Some Democratic U.S. Senators have called on President Biden to change the way bailout checks are currently distributed and to consider allowing the federal government to issue checks to people on a fixed basis so that they can live until the New Guinea virus is over; however, the U.S. debt has soared to approximately $28 trillion and Inflation has reached a ten-year high.
A letter from ten Democratic U.S. senators, including Bernie Sanders, Elizabeth Warren and Ron Wyden, points out that each round of bailout checks must be negotiated and distributed at intervals of several months, and that the federal government should regularly distribute bailout checks directly to people until the The federal government should issue relief checks directly to people on a regular basis until the Epidemic is over. The letter did not specify the amount of the checks that would be issued on a regular basis.
Congress enacted legislation a year ago to issue $1,200 cash checks for people in need, and last December issued another $600 in relief checks. The Biden $1 trillion epidemic relief bill, to be considered by the Senate this week, would give people $1,400 in relief checks.

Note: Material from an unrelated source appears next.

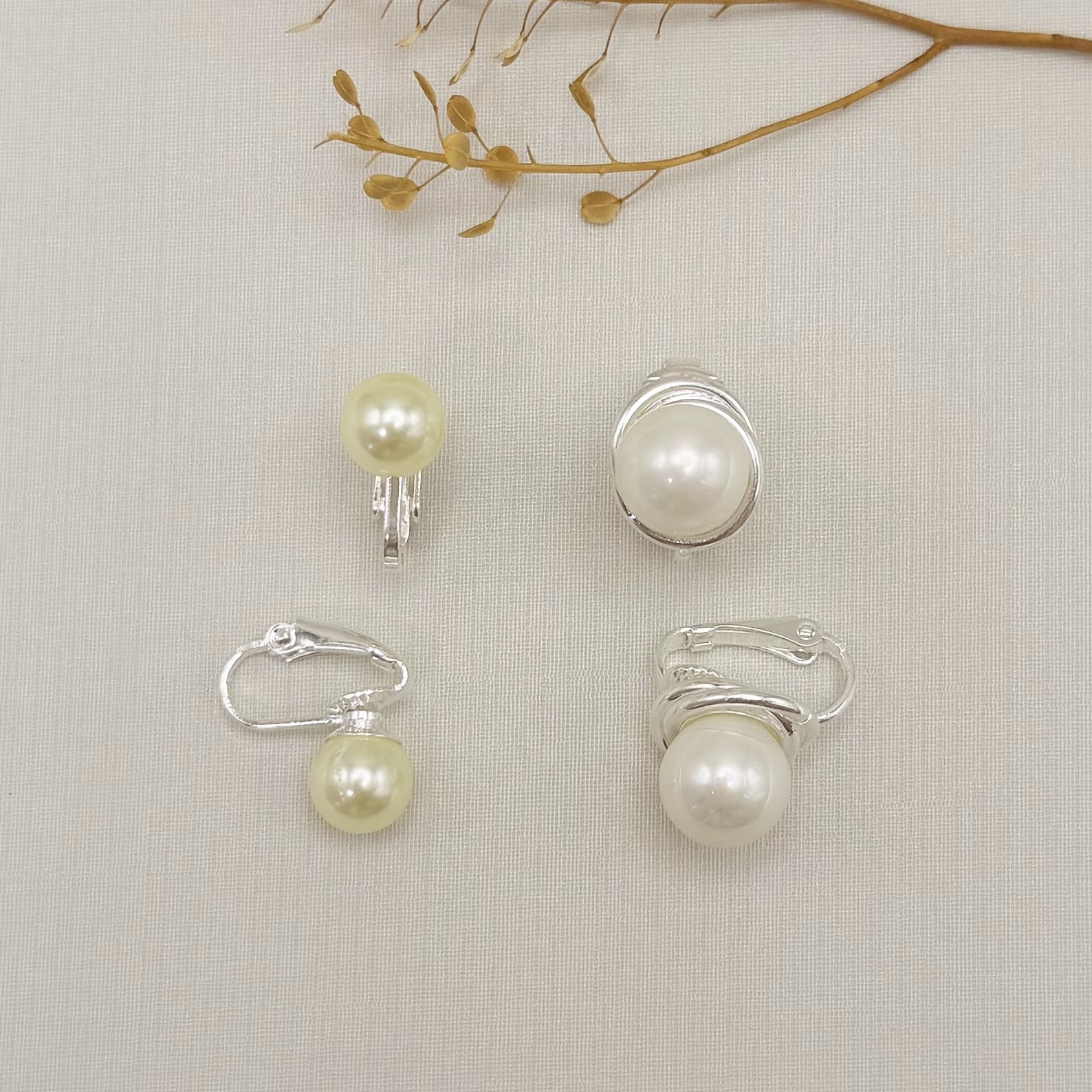 07.2809.15.S - Brinco de pressão com uma pérola 8mm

Progressive members of Congress and some Democratic lawmakers have argued that regular government checks for the public are an important way to speed up economic recovery. In January, more than 50 members of Congress joined together to ask the Biden Administration to support a proposal to issue $2,000 monthly relief checks to people on a regular basis during the epidemic.
Mississippi College assistant professor of economics Bolen (Brandon Bolen) said that the national debt itself is a major problem, and the new crown bailout has added to the government deficit; national debt plus heavy social welfare spending, may make the U.S. economic curve towards the “unbearable” development situation.

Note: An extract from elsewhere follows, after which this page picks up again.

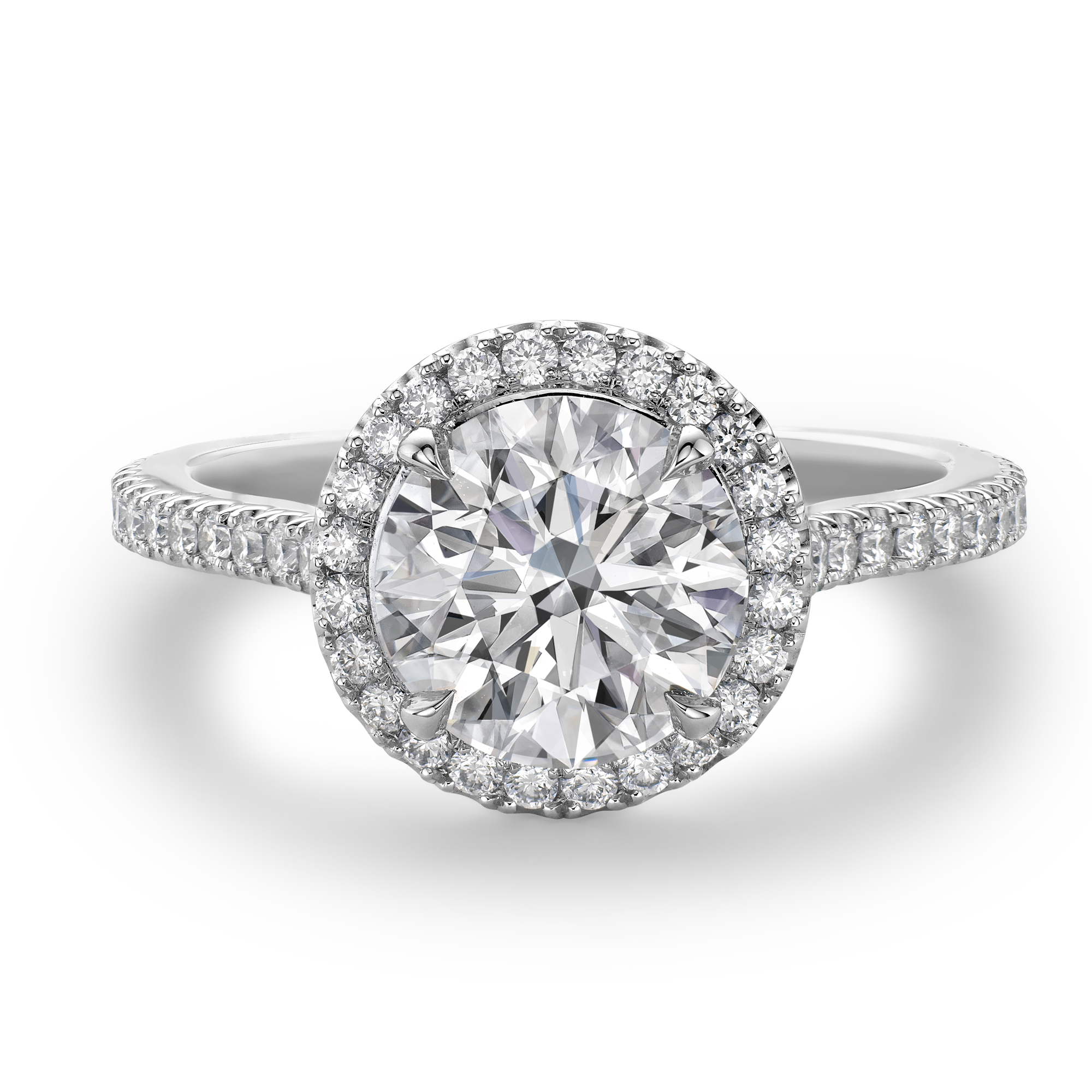 Celestial Brilliant Cut 2.08ct Type IIA Diamond Cluster Ring Brilliant cut, Claw set_2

In addition, U.S. bonds fell hard again on the 3rd, long-term bond yield jumped to a high this week, inflation expectations also climbed to a new high of more than a decade; 10-year U.S. bond yield jumped 10.3 basis points to 1.495%, a steep rise reminiscent of the February 25 bond market flash crash.
As the new crown epidemic outbreak, the government has continued to launch bailout cases, the U.S. national debt has soared to 28 trillion U.S. dollars, the inflation rate also reached the highest in a decade, shoppers have a clear sense.